*TO DO*: A faithful copy is needed of the lines below from the one with "Bethany Houff introduces" up to and including the one with "Mavi bir gölgenin"; set it down with no pictures and no other lines.

Items from a data source
======

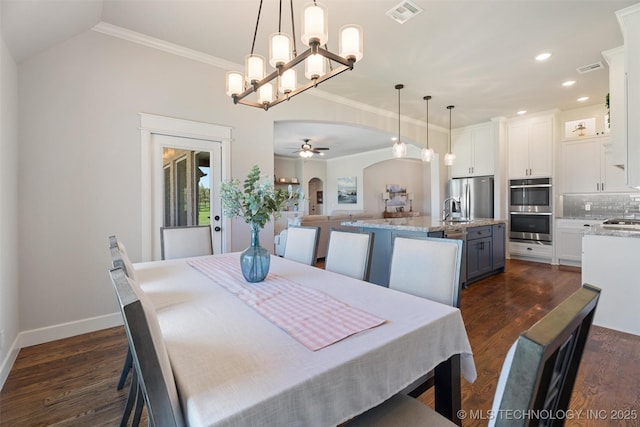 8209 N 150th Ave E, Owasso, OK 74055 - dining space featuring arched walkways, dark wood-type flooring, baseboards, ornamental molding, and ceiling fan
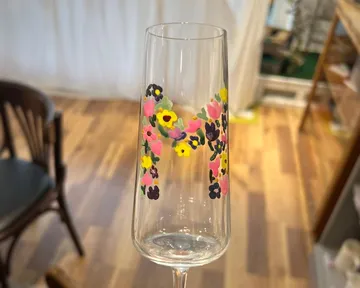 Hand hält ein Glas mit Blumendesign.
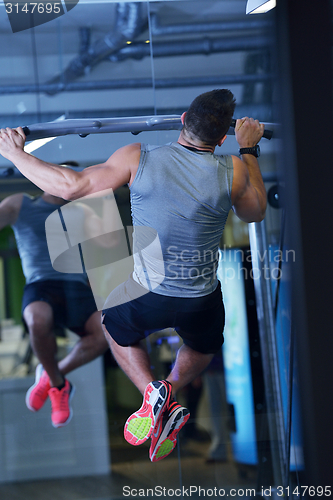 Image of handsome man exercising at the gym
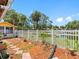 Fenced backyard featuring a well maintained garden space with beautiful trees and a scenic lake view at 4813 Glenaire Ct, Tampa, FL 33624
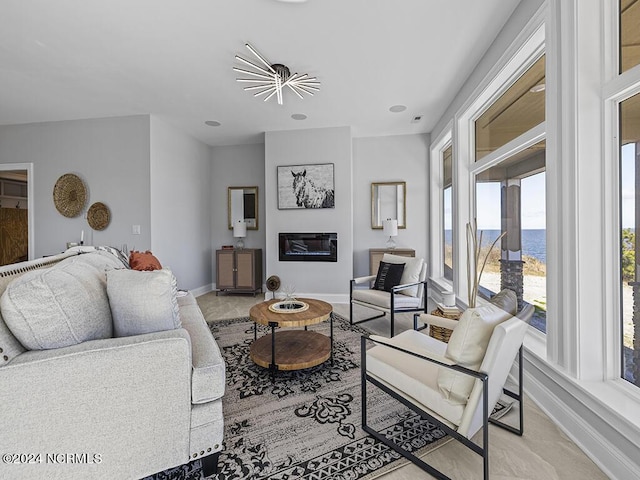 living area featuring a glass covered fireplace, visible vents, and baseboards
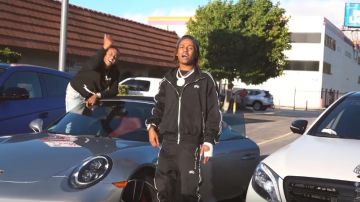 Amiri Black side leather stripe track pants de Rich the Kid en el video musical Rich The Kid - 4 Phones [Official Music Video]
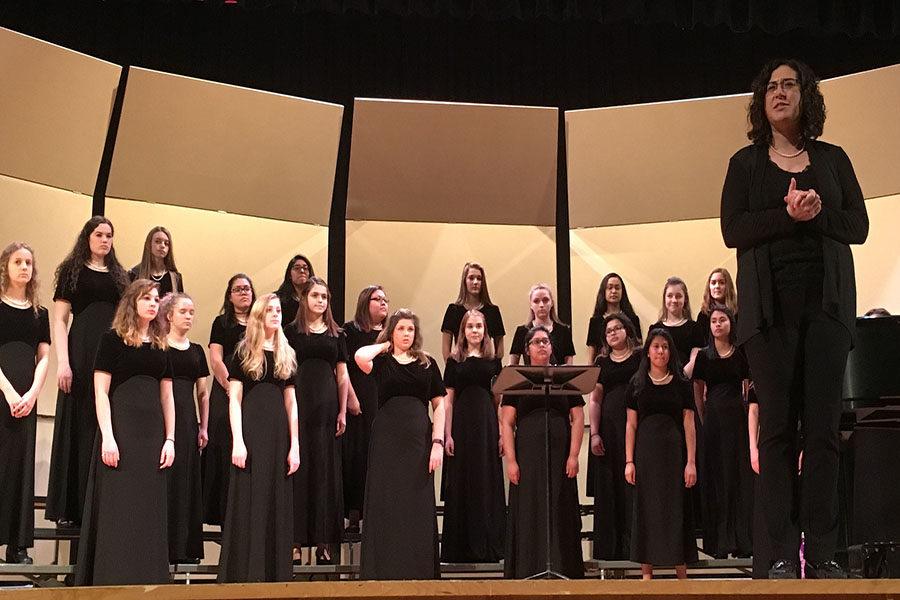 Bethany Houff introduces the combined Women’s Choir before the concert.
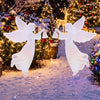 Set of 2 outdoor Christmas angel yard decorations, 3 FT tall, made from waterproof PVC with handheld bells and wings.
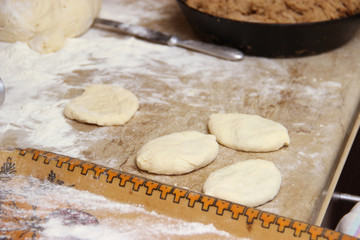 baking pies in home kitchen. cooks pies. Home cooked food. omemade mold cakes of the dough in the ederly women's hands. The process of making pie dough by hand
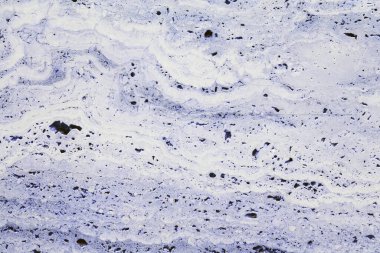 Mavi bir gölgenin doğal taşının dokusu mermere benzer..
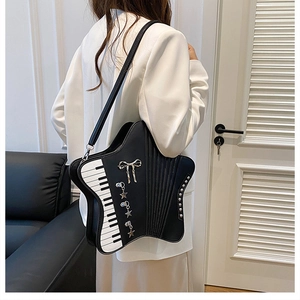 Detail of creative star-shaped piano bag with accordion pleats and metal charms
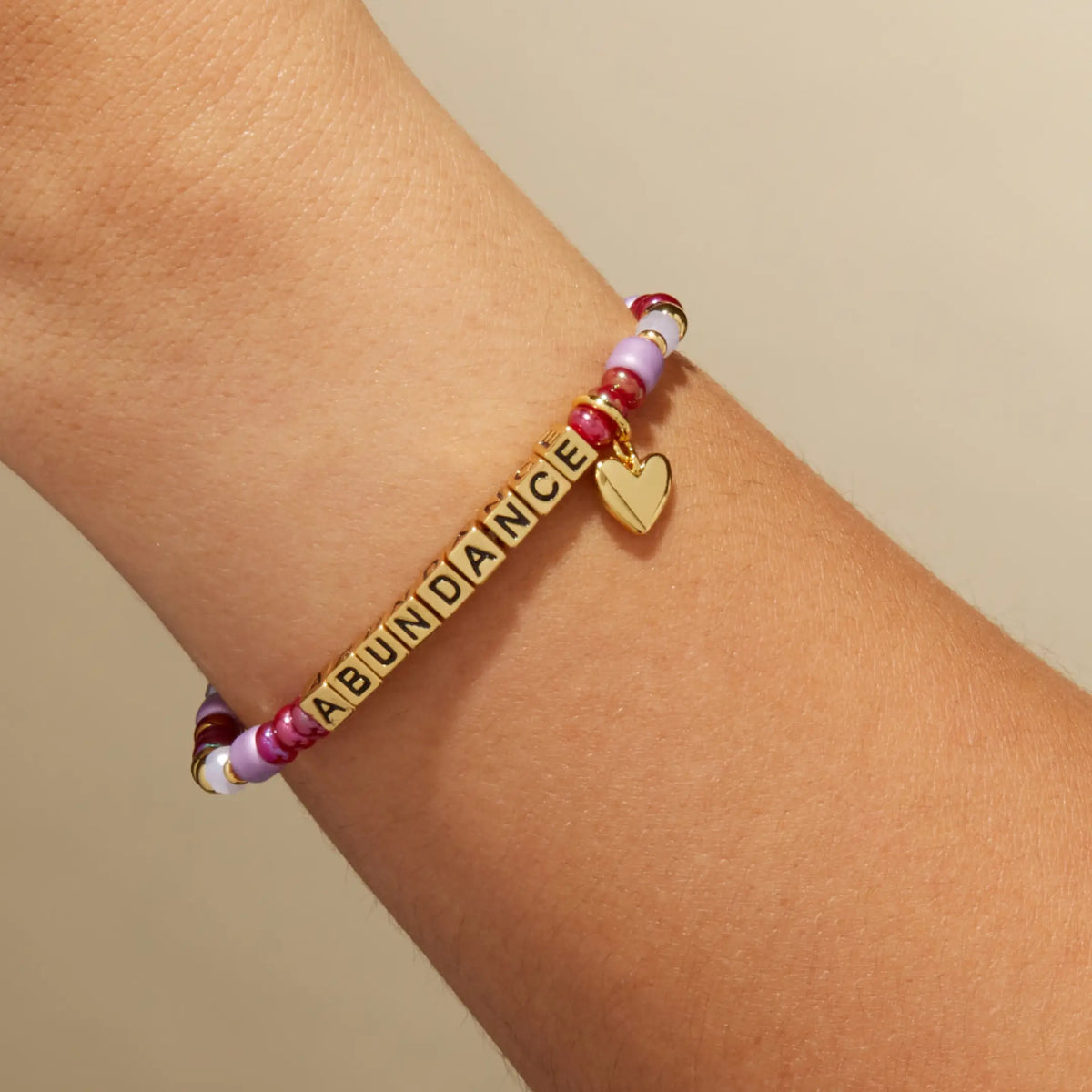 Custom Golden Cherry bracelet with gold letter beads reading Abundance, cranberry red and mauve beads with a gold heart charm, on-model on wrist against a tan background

======

*EXERCISE RESPONSE*:
 Bethany Houff introduces the combined Women’s Choir before the concert.
 Set of 2 outdoor Christmas angel yard decorations, 3 FT tall, made from waterproof PVC with handheld bells and wings.
 baking pies in home kitchen. cooks pies. Home cooked food. omemade mold cakes of the dough in the ederly women's hands. The process of making pie dough by hand
 Mavi bir gölgenin doğal taşının dokusu mermere benzer..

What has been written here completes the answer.